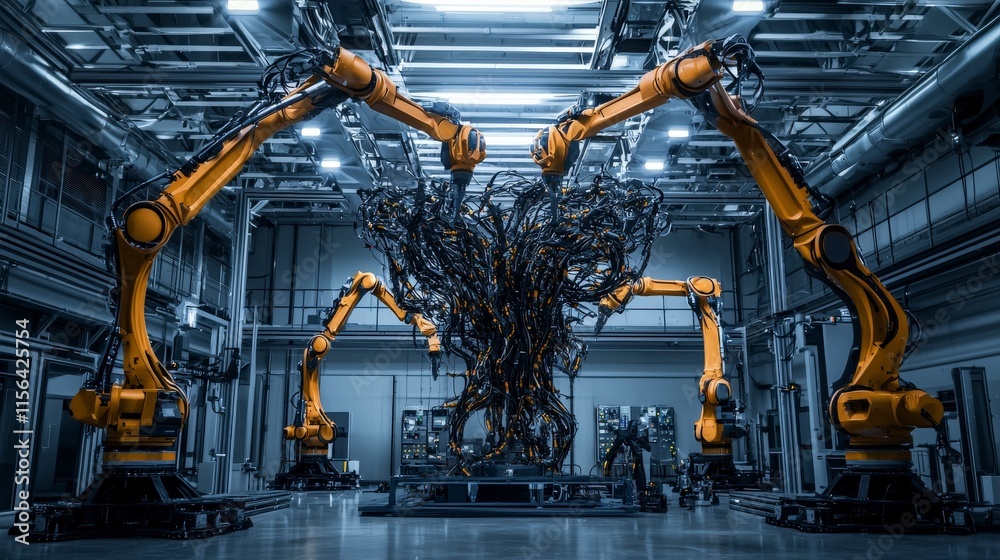 Leinwandbilder Collaborative robotic arms creating complex structures in industrial facility advanced technology high-tech environment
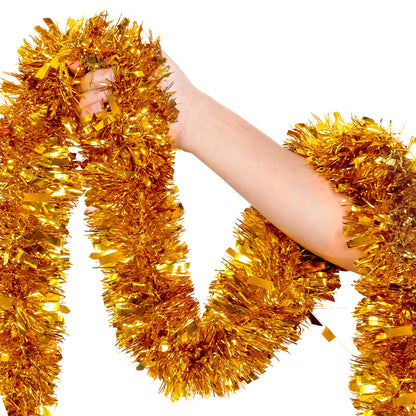50Ft Gold Christmas Garland Decorations,Xams Tinsel Stems Non-Lit Soft Twist Garland Decor for Tree Stairs Railing Front Door Mantle Fireplace Indoor Outdoor Holiday Home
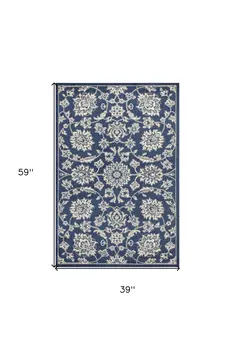 3' X 5' Blue and Ivory Area Rug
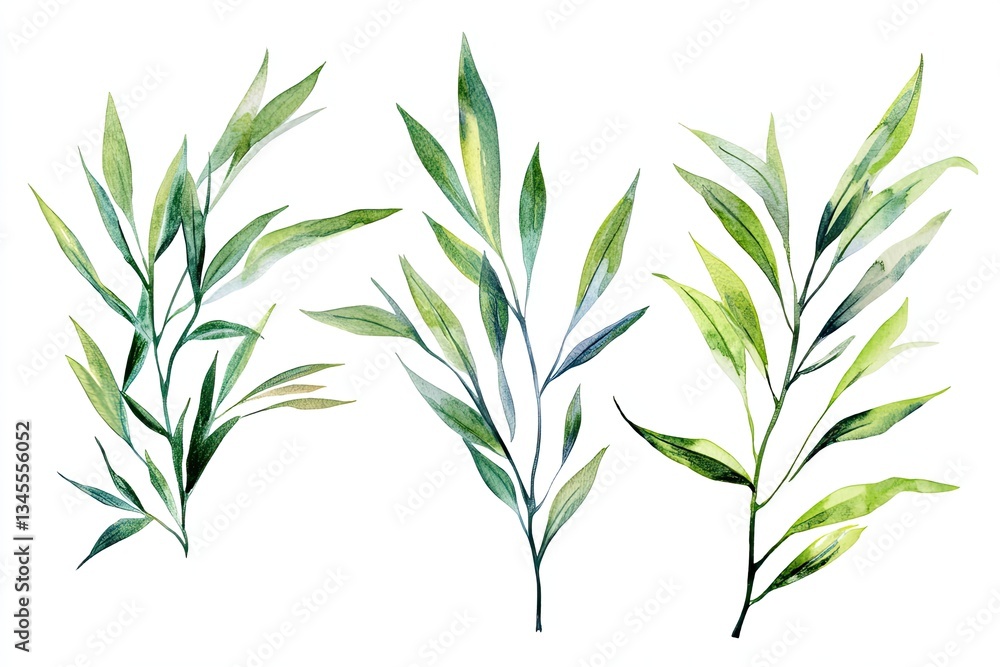 Naklejka premium Set of watercolor Willow Leaves hand drawn on a white background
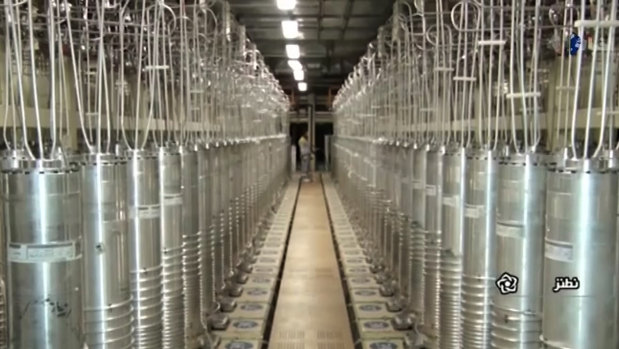 An image from video released by Islamic Republic of Iran Broadcasting shows centrifuge machines at the Natanz nuclear site. 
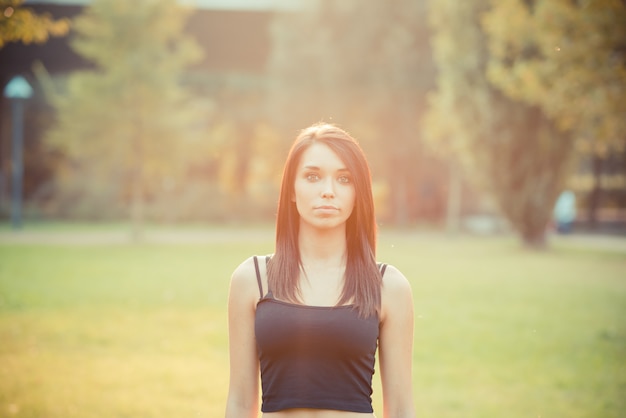 young beautiful brunette straight hair woman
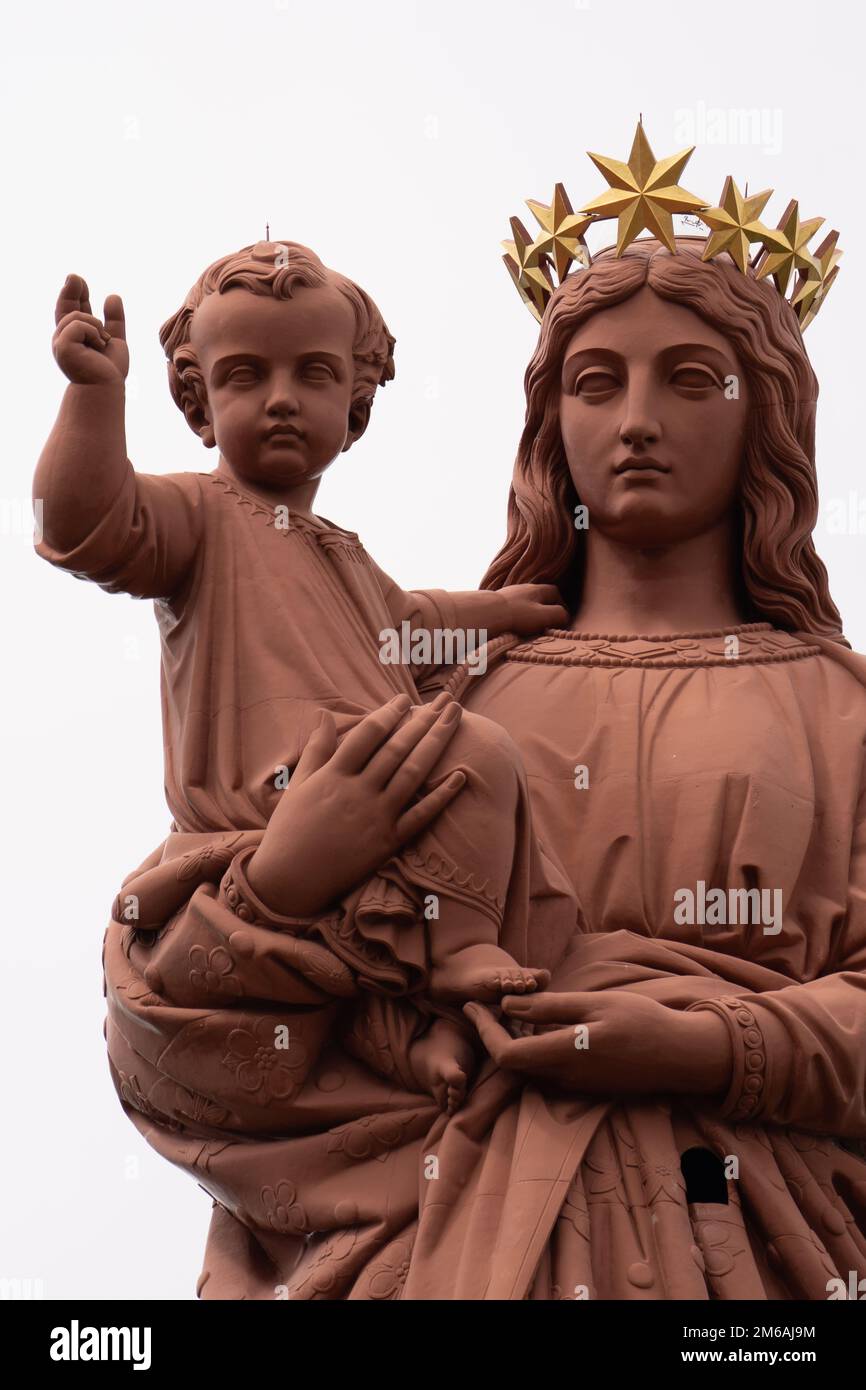 The statue of NotreDame de France on Rocher Corneille Stock Photo Alamy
----------
Take the line containing "Naklejka premium Set" and every line after it to the end of the records, and restate them verbatim, with no pictures.

 Naklejka premium Set of watercolor Willow Leaves hand drawn on a white background
 An image from video released by Islamic Republic of Iran Broadcasting shows centrifuge machines at the Natanz nuclear site. 
 young beautiful brunette straight hair woman
 The statue of NotreDame de France on Rocher Corneille Stock Photo Alamy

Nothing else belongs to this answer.